6月4日、当館寺田書記官は、北サマール州カタルマン町およびサンホセ町において、草の根・人間の安全保障無償資金協力事業である「ココナッツ・センター建設計画」、「ココナッツ加工機材整備計画」の引渡式に出席しました。
「ココナッツ・センター建設計画」引渡式典には、被供与団体である東フィリピン大学のデ・アシス学長ほか学校関係者が出席しました。本件事業は、2011年度に日本大使館により、この地域のためのココナッツ繊維製造技術訓練センターを建設するために、109,503米ドル(約1,300万円)が供与されたものです。東フィリピン大学(UEP)の敷地内に建設された当訓練センターでは、ココナッツ生産農家の所得を増加させるために、ココナッツ繊維を原料としたマット、カーペット、ロープ、ネット等様々な製品の製造技術を学ぶ機会が得られます。年間50以上の訓練コースが設けられ、約350名のココナッツ農家が受講する予定です。

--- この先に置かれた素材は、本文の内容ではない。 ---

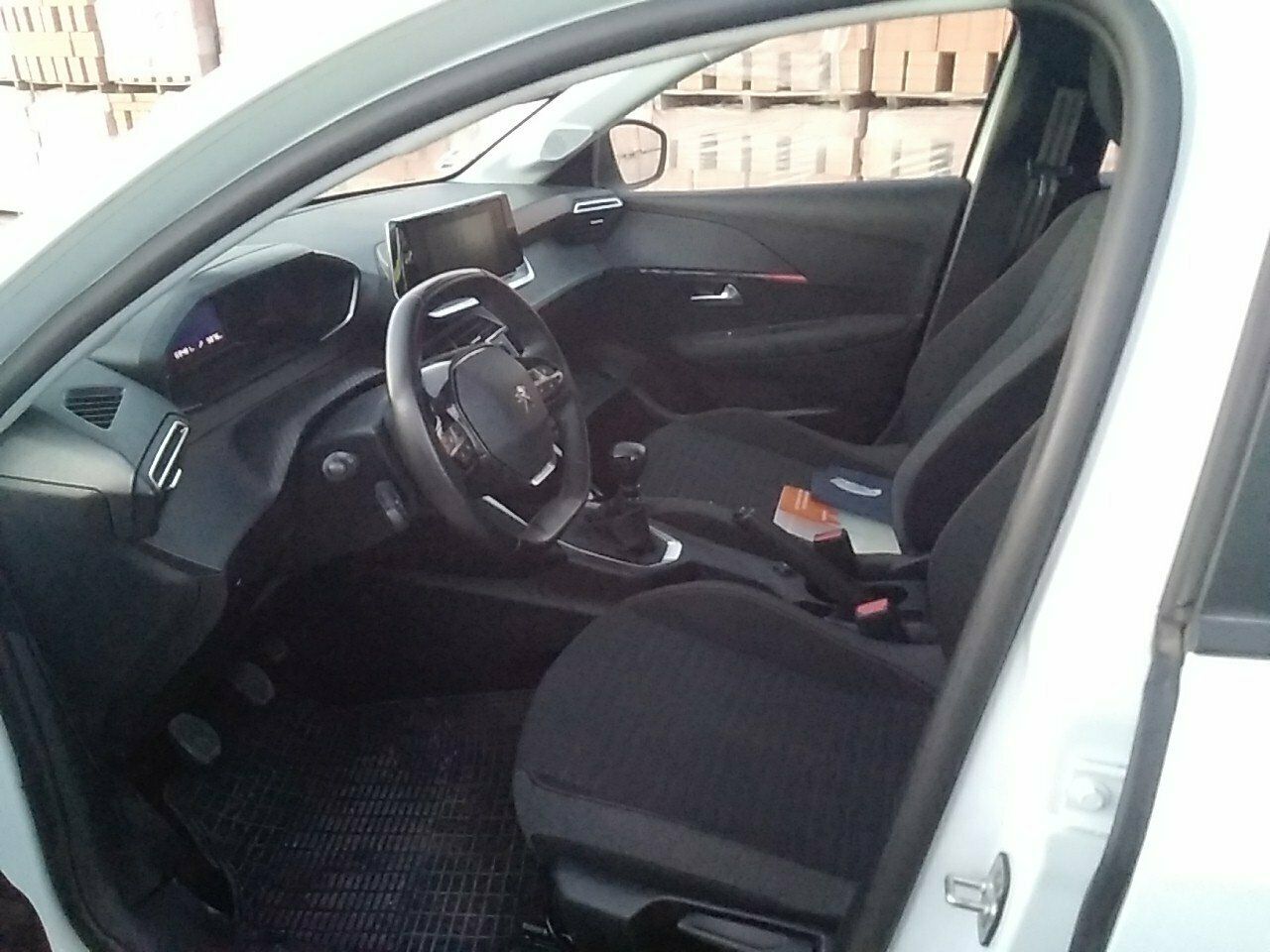 Peugeot 208 Bluehdi 73kw (100cv) Active - Foto 2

「ココナッツ加工機材整備計画」引渡式典には、ラビン北サマール州副知事、ルソン・サンホセ町長、被供与団体である貧しい農民を助ける会のルソン会長、その他ココナッツ庁、貿易産業省、科学技術省、労働省の関係者が出席しました。本件事業は、サンホセ町を対象にココナッツの殻を原料とした繊維製品を製作するための機材を村単位に整備するものであり、供与金額は68,439.33米ドル(約840万円)です。ココナッツ繊維の生産によって、1,600名以上のココナッツ農家の生計が向上されます。

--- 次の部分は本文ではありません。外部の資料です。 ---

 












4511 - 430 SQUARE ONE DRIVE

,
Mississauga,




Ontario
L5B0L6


当館は、これらの事業を組み合わせることによって、北サマール州のココナッツ産業全体が振興することを期待しています。具体的には、供与された施設によって、先進国で使用され始めているココナッツ繊維でできた侵食防止マットや建設用資材に対する需要を取り込む機会が得られ、ココナッツ農家の収入が増加し、貧困に喘ぐこの地域の住民の生計向上につながるものと考えます。

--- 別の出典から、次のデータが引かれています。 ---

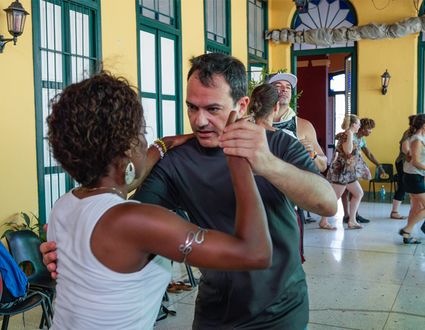 Salsa-Tanzkurs in Havanna mit Ausflugsprogramm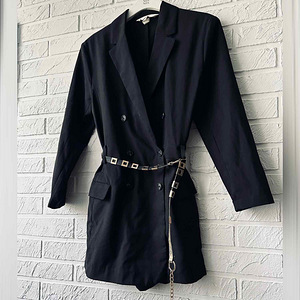 Must pintsaku stiilis pikkade varrukatega playsuit, M (1 foto / 1)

草の根・人間安全保障無償資金協力は「人間の安全保障」の確保に資するものであり、フィリピンでは1989年から現在に至るまでの間に、計512件の事業を実施してきています。こうした草の根レベルの支援についても我が国は従来から積極的に取り組んでおり、本件事業は我が国とフィリピンとの戦略的パートナーシップを育むことにも寄与するものです。